Wenn Pferde für dich durchs Feuer gehen

Wenn Pferde für dich durchs Feuer gehenWenn Pferde für dich durchs Feuer gehen

Ausbildung | Christa Friedli Müller 

Oder von der Kunst der pferdegerechten Ausbildung

Pferd ist nicht gleich Pferd. Auf den ersten Blick fallen dem Betrachter zwar offensichtliche Unterschiede zwischen den verschiedenen Rassen auf. Trotzdem sprechen wir allenthalben einfach von „dem Pferd“. Doch genauso wenig wie es „den Menschen“ gibt, gibt es „das Pferd“. Bei der Ausbildung von Pferden gilt es deshalb nicht nur, Unterschiede zwischen den Rassen zu berücksichtigen, sondern auch innerhalb derselben Rasse die verschiedenen Individuen mit ihren spezifischen Charakterzügen, Stärken und Schwächen wahrzunehmen.

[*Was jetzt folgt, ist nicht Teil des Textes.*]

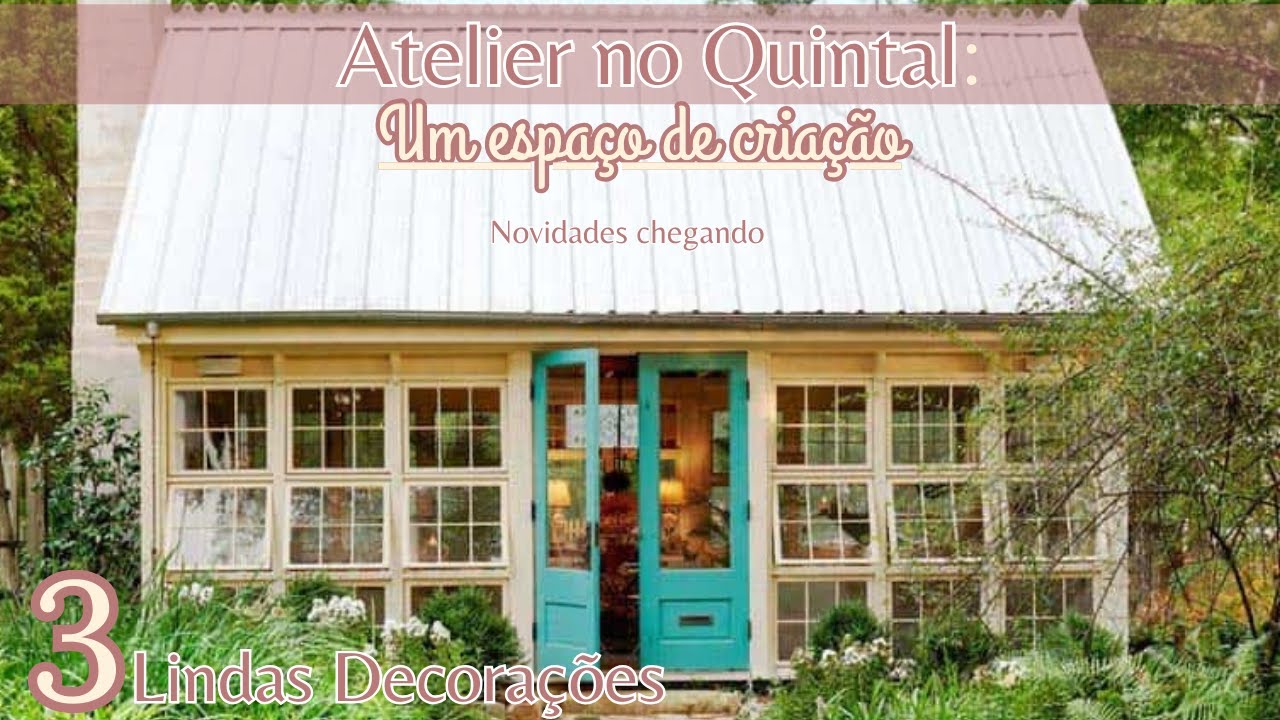MEU ATELIER DE ARTESANATO NO QUINTAL🏠Um incrível projeto e 3 Decorações lindas + Pudim de Neve🍮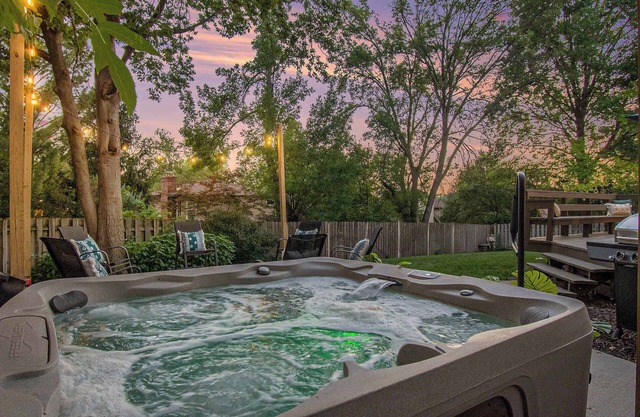 Stylish 4BR Getaway w/Hot Tub & Grill!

Ziel jeder Ausbildung muss sein, Pferde langsam, vielseitig und gründlich auszubilden, um die jedem Pferd innewohnende Schönheit und Anmut zu voller Blüte zu bringen, ihre Gesundheit zu erhalten und den Muskelaufbau zu stärken. Dies gelingt jedoch kaum durch die heute leider oft immer noch üblichen schnellen Ausbildungsweisen, sondern durch positive Verstärkung in einem entspannten Lernklima. Das Wissen um Anatomie, Psychologie, Pädagogik, Ethik und die korrekte und respektvolle Arbeit mit dem Pferd müssen bei jeder Ausbildung im Vordergrund stehen.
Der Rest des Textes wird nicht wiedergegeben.